* [Task description]
Your job is to return each record exactly, minus any pictures.

* [Input data]
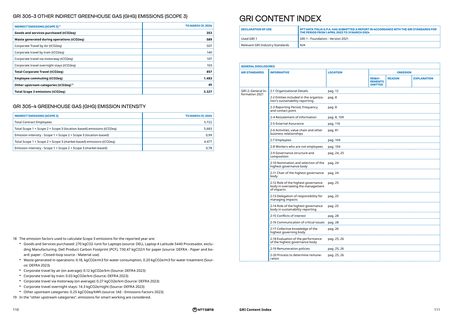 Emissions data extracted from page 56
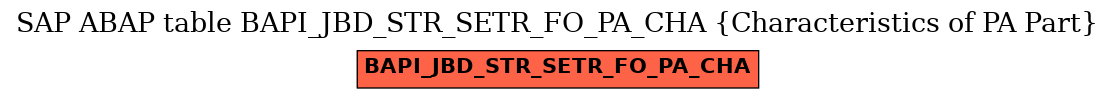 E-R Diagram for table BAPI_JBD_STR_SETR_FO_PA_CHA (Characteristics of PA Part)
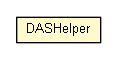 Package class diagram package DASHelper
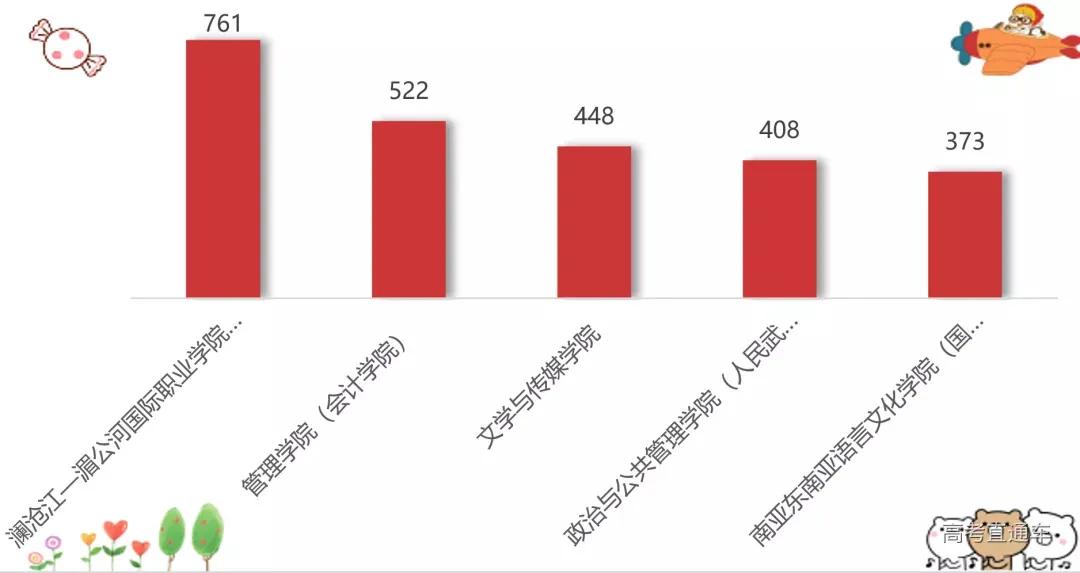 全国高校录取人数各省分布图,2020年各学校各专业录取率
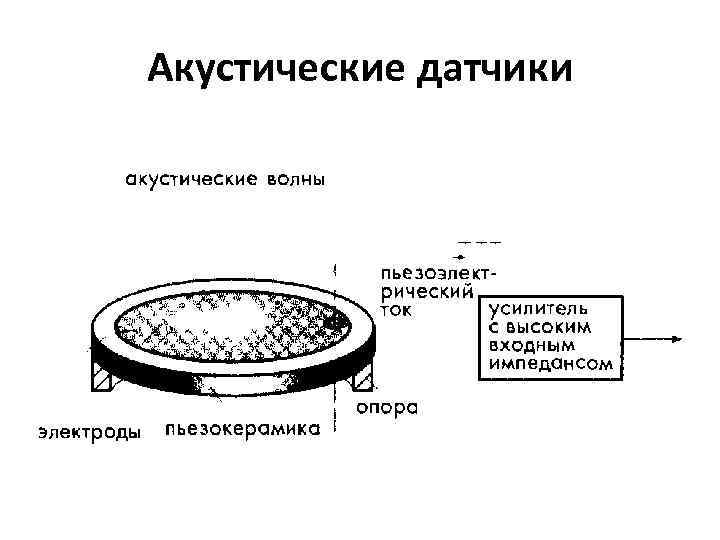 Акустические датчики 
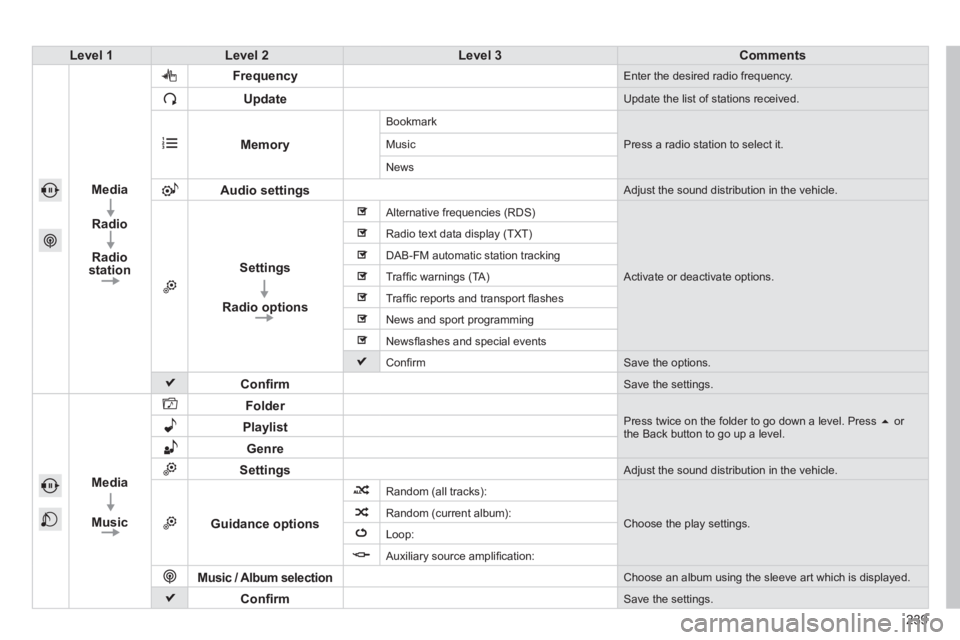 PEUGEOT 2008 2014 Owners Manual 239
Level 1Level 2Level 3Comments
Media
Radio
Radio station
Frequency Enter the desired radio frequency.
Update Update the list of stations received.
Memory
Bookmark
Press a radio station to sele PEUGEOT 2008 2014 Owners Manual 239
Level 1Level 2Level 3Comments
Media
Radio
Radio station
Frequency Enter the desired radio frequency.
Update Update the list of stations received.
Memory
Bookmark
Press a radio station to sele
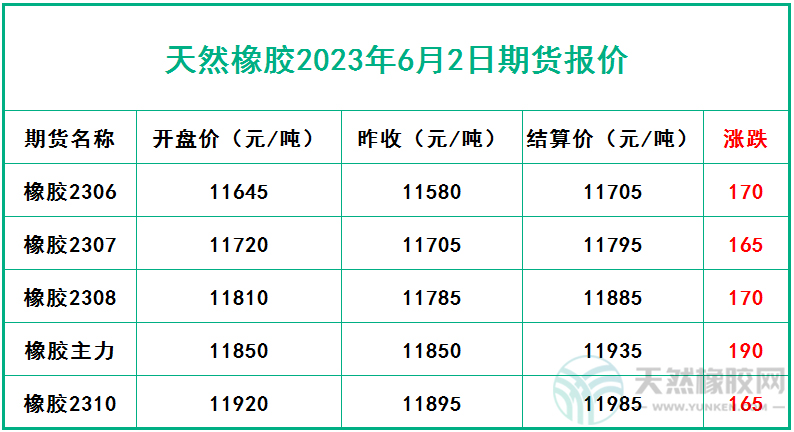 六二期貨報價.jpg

* [Worked solution]
 Emissions data extracted from page 56
 E-R Diagram for table BAPI_JBD_STR_SETR_FO_PA_CHA (Characteristics of PA Part)
 Package class diagram package DASHelper
 全国高校录取人数各省分布图,2020年各学校各专业录取率
 Акустические датчики 
 PEUGEOT 2008 2014 Owners Manual 239
Level 1Level 2Level 3Comments
Media
Radio
Radio station
Frequency Enter the desired radio frequency.
Update Update the list of stations received.
Memory
Bookmark
Press a radio station to sele PEUGEOT 2008 2014 Owners Manual 239
Level 1Level 2Level 3Comments
Media
Radio
Radio station
Frequency Enter the desired radio frequency.
Update Update the list of stations received.
Memory
Bookmark
Press a radio station to sele
 六二期貨報價.jpg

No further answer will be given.